If you want your family business to succeed, put the needs of the business first.
While running a farm as a business may seem impersonal, it’s better than operating on emotions or tradition, business consultant and Iowa farmer Jolene Brown told attendees at the recent Ag- Choices seminar
“There is nothing better or worse than being in a family business,” said Brown. “I would opt for the better.”
Brown’s topic was on things families do that destroy their businesses, and she said it often starts with the faulty assumption that a genetic relationship can make a good working relationship.
“Just because you were raised by someone or have the same genetic code as them, this does not mean that you can or should be working together,” Brown said.
Acceptance in a family is unconditional, but acceptance in a business is conditional and is not a birthright, she said. Brown urged her audience to re-frame their thinking about hiring children and to realize they are hiring employees.
“I want you to become a business- first family and not a family-first business,” she said.
In some cases, a business may continue but will no longer be a family business. Family-first businesses have less chance of being sustainable, she said.

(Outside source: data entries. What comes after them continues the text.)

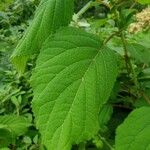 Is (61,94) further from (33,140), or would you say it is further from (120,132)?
(33,140)

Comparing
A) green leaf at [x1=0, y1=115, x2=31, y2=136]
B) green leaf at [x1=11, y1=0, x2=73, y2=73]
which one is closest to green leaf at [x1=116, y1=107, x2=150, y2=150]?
green leaf at [x1=11, y1=0, x2=73, y2=73]

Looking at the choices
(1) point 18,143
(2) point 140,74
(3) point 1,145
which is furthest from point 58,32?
(1) point 18,143

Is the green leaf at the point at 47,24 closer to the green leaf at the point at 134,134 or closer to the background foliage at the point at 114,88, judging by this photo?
the background foliage at the point at 114,88

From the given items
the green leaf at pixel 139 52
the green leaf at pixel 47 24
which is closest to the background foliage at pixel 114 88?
the green leaf at pixel 139 52

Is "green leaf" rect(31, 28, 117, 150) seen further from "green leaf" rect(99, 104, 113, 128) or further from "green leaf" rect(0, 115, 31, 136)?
"green leaf" rect(0, 115, 31, 136)

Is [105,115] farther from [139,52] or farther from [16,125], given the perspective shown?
[16,125]

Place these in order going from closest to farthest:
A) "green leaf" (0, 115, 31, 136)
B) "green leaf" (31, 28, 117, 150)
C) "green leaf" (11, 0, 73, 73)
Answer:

“When you’re a business-first family, we treat things as a business,” she said. “We hire employees, not sons and daughters. Our leaders cannot be dictator mom and dad, but must operate as a leader.”
Start at the bottom
For Brown, that means everyone should start out as a labourer, only moving into specialized or leadership roles on merit. If the older generation wants the younger one to take over the farm business, they need to make an early move into a mentorship role, which is a seven-to 10-year process. Passing the torch also means deciding what sort of leadership is required. In some cases, the next leader should not be a family member, she said.
If the goal is to have the business continue, then other tough choices may be necessary. The enterprise may not be able to support all the family members, even if they want to come into it. The senior generation should also ensure their financial well-being first, before allowing the younger generation to come in. This isn’t just selfishness, said Brown, noting she has found senior generations who haven’t done this have the tendency to excessively micromanage the next generation.
Owners should make sure the business is financially viable before bringing a family member into it. Wages should start off fairly low, but increase over time, and any young person returning to the family farm needs to bring talents or skills back to the team and the business. Brown encouraged young people to work for at least three years for a non-family boss before they return to the family business.
One of the best ways to maintain a family business is to ensure records are transparent, accurate and timely, she said. Farm businesses should not rely on conversations but on written documents, but also encourage communication and clear understanding of guidelines and conduct. There should be annual general meeting held off site, in order to review the current state of the business and chart a course for its future.
“Family businesses are the same no matter how much you make or where you are,” said Brown. “They still seem to have the same common challenges.”